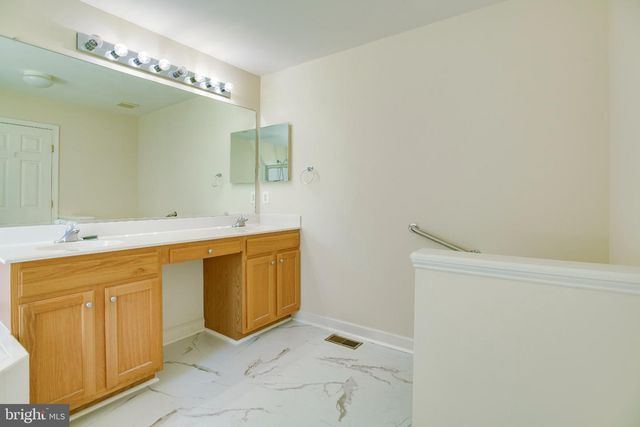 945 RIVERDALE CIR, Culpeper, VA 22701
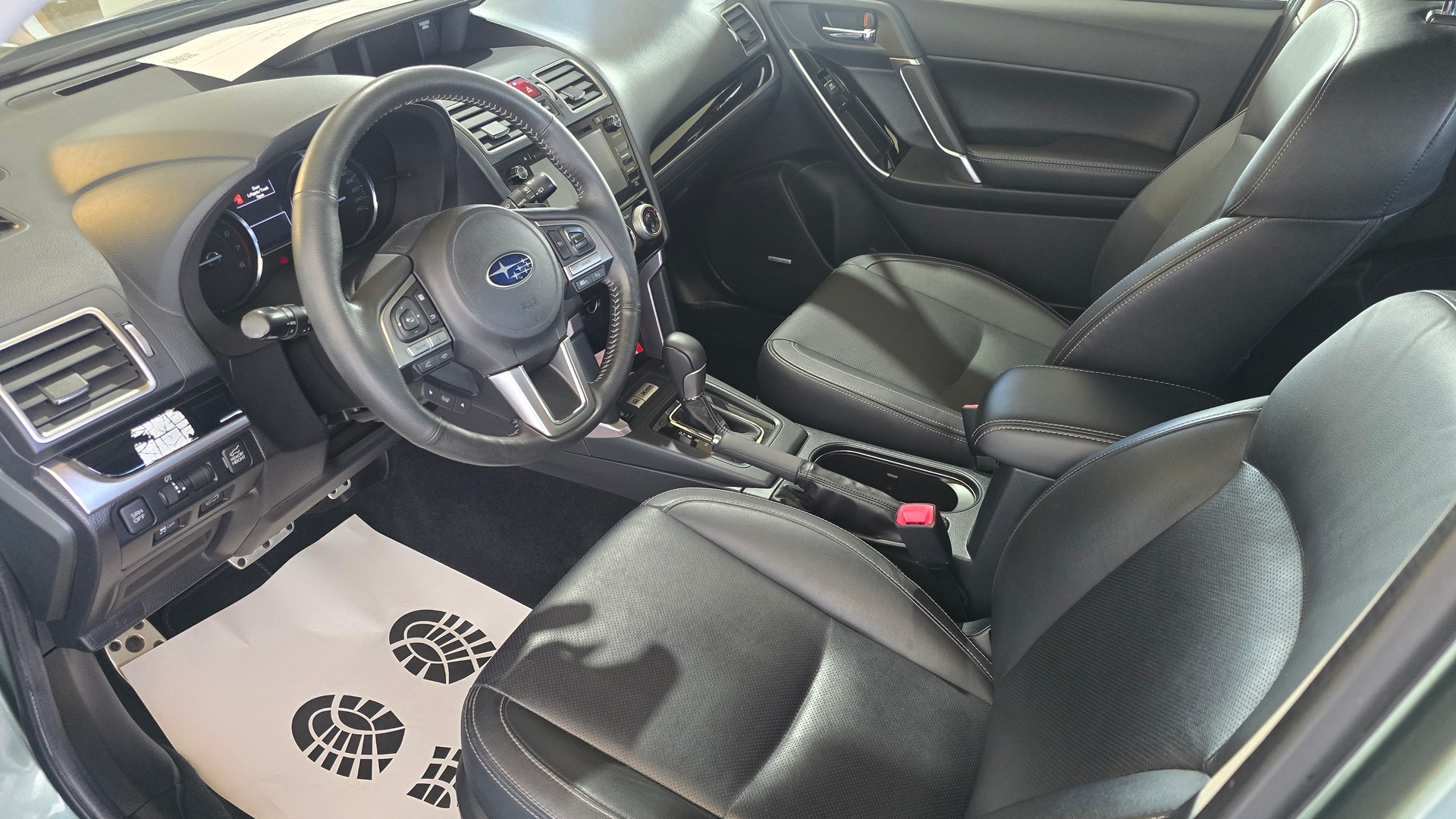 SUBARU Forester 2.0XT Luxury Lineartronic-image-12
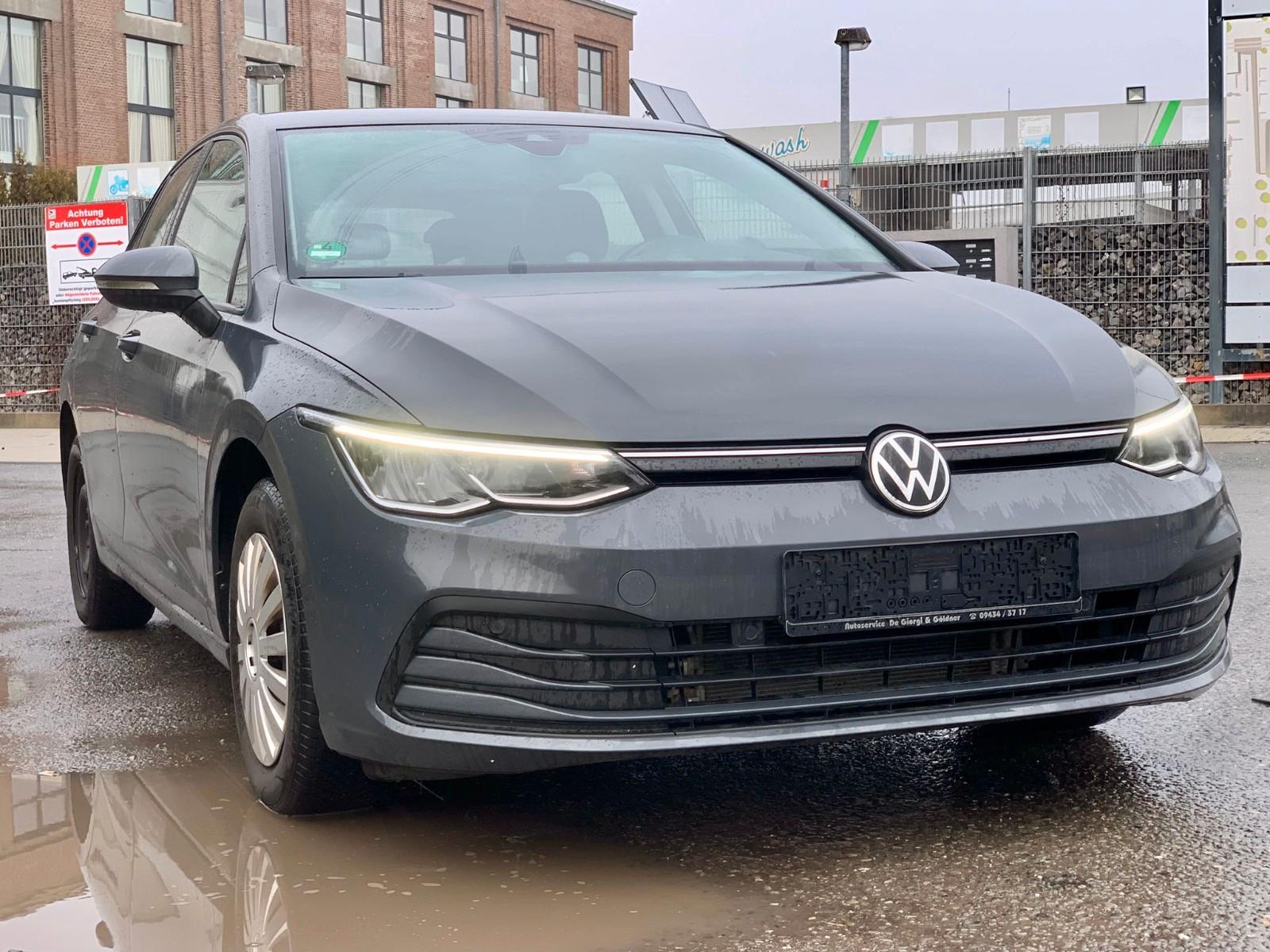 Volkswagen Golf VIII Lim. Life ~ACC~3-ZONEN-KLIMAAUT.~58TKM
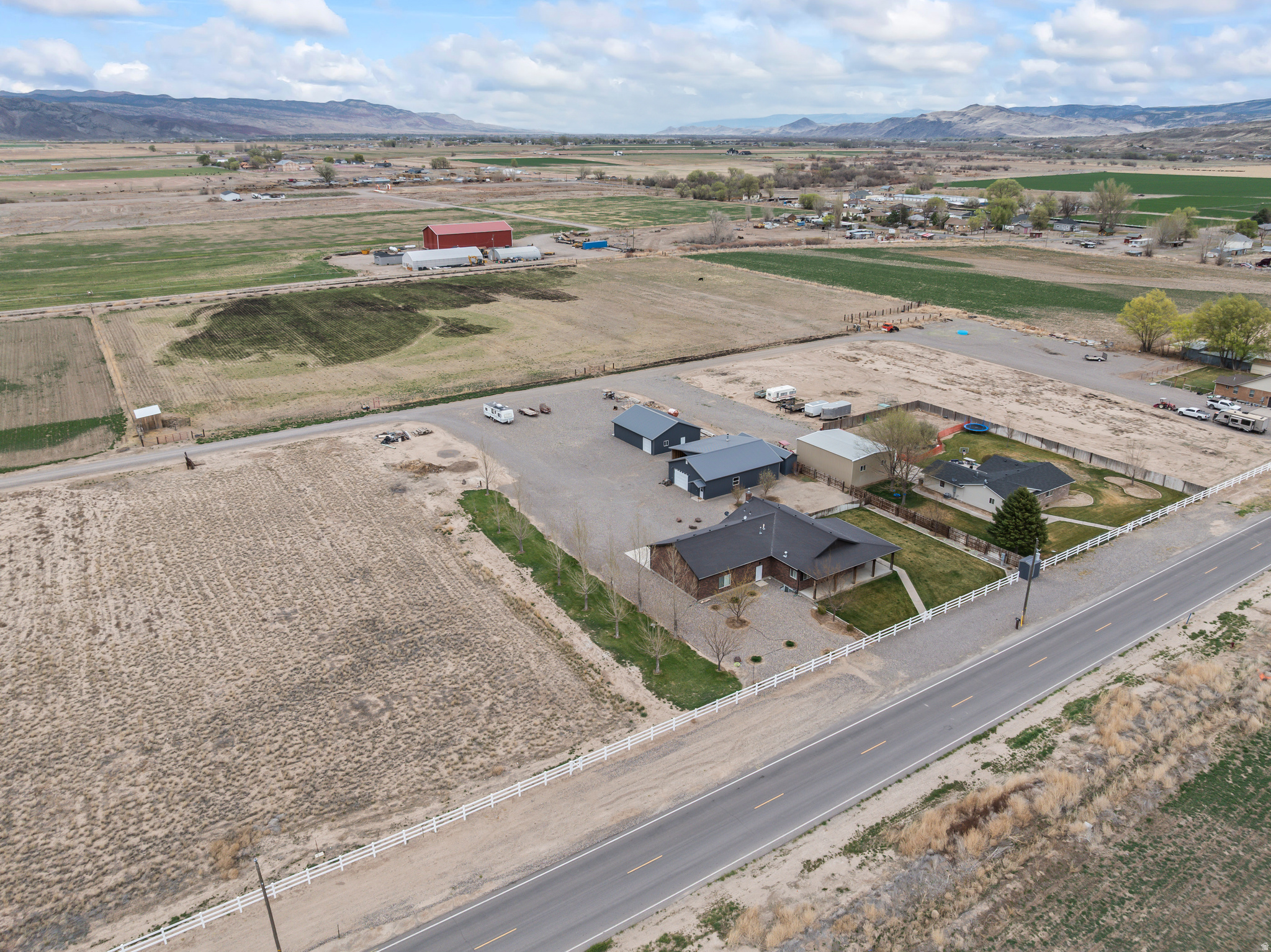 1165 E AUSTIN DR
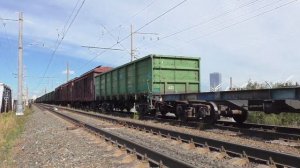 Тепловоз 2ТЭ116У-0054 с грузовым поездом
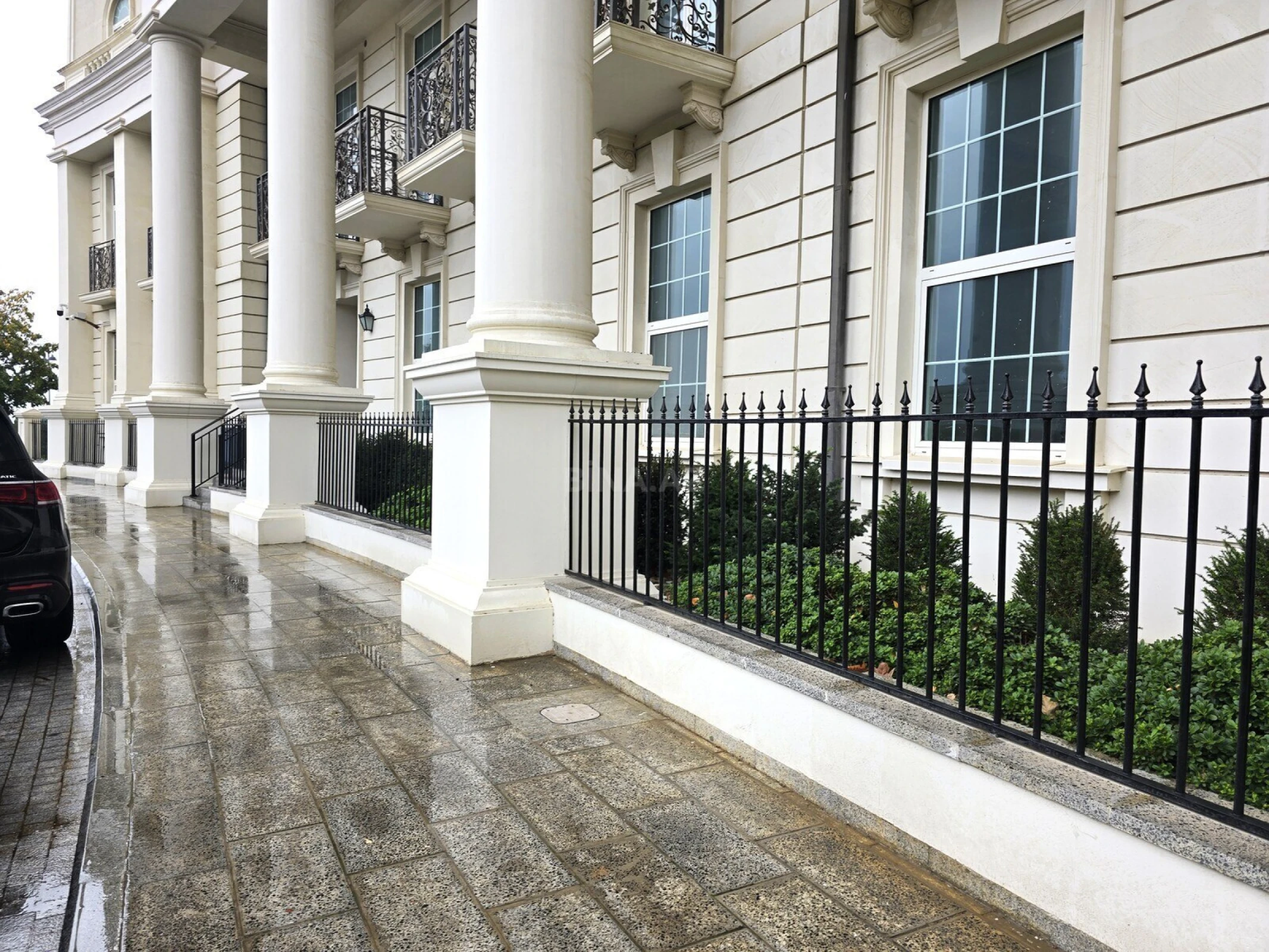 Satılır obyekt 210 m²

____________________

- About this exercise -
Could you output all of the entries above exactly? Leave the pictures out.

- Answer box -
 945 RIVERDALE CIR, Culpeper, VA 22701
 SUBARU Forester 2.0XT Luxury Lineartronic-image-12
 Volkswagen Golf VIII Lim. Life ~ACC~3-ZONEN-KLIMAAUT.~58TKM
 1165 E AUSTIN DR
 Тепловоз 2ТЭ116У-0054 с грузовым поездом
 Satılır obyekt 210 m²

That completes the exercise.